Sedang Trending 3 minggu yang lalu

SAMPIT – Mediasi bentrok sangketa lahan antara Samsul Arifin dengan Firmansyah di Kecamatan Teluk Sampit, Kabupaten Timur (Kotim) dinyatakan kandas mencapai kesepakatan pada Senin 13 April 2026. Kedua belah pihak tetap pada pendirian masing-masing sehingga kasus ini dipastikan bersambung ke meja hijau.

Proses mediasi nan dilakukan awalnya bermaksud untuk menemukan titik tengah antara Samsul Arifin dan Firmansah nan sama-sama mempunyai surat atas tanah tersebut.

Dalam mediasi tersebut, Samsul Arifin menjelaskan bahwa dirinya merupakan pelaku sejarah nan ikut membuka lahan tersebut sejak 1970 lalu. Ia mengaku bahwa dirinyalah nan membawa orang tua dari Firmansyah untuk ikut membuka lahan di wilayah tersebut.

“Saat usia saya 15 tahun saya ikut membuka lahan tersebut berbareng ketua golongan dan saya orang nan membujuk almarhum ayah firman untuk membuka lahan itu di bagian nan sudah ditentukan, saya nan menunjukan lokasinya,” kata Samsul.

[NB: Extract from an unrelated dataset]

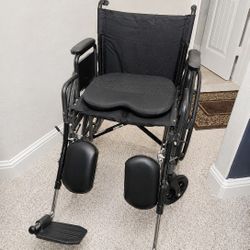  Folding Wheelchair with Comfort Cushion – Excellent Condition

Samsul menceritakan sejarah pembukaan lahan tersebut dan menunjukan surat tanah nan dia miliki kepada pihak kecamatan dalam mediasi tersebut. Dirinya juga menghadirkan saksi nan membenarkan apa nan dia sampaikan.

Ia juga menduga kuat surat yanah nan dimiliki oleh Firmansyah tidak sah lantaran dalam surat nan ditanda tangani pada 1979 itu tertulis nama Kepala Ujung Pandaran, sedangkan saat itu status Kecamatan Teluk Sampit belum resmi mekar dan tetap disebut sebagai kepala kampung.

“Saat itu tetap Kepala Kampung belum ada Kepala . Jalan juga belum ada lantaran saya orang nan merintis jalan,” tegasnya.

Sementara itu, Firmansyah mengaku tidak dapat menceritakan sejarah dari tanah tersebut lantaran dirinya mengaku sebagai mahir waris dari almarhum ayahnya. Meski demikian dia menunjukan surat putusan pengadilan nan inkrah menyatakan bahwa tanah tersebut miliknya.

“Saya tidak bisa menceritakan sejarah nan saya tahu tanah itu milik kami. Karena sebelumnya kami sudah pernah berproses di pengadilan dan kami nan menang,” ujarnya.

Dengan demikian kedua belah pihak kandas mencapai kesepakatan dalam mediasi tersebut dan sangketa tanah itu bakal bersambung dengan rencana gugatan nan bakal didaftarkan oleh Samsul Arifin ke Pengadilan Negeri Sampit.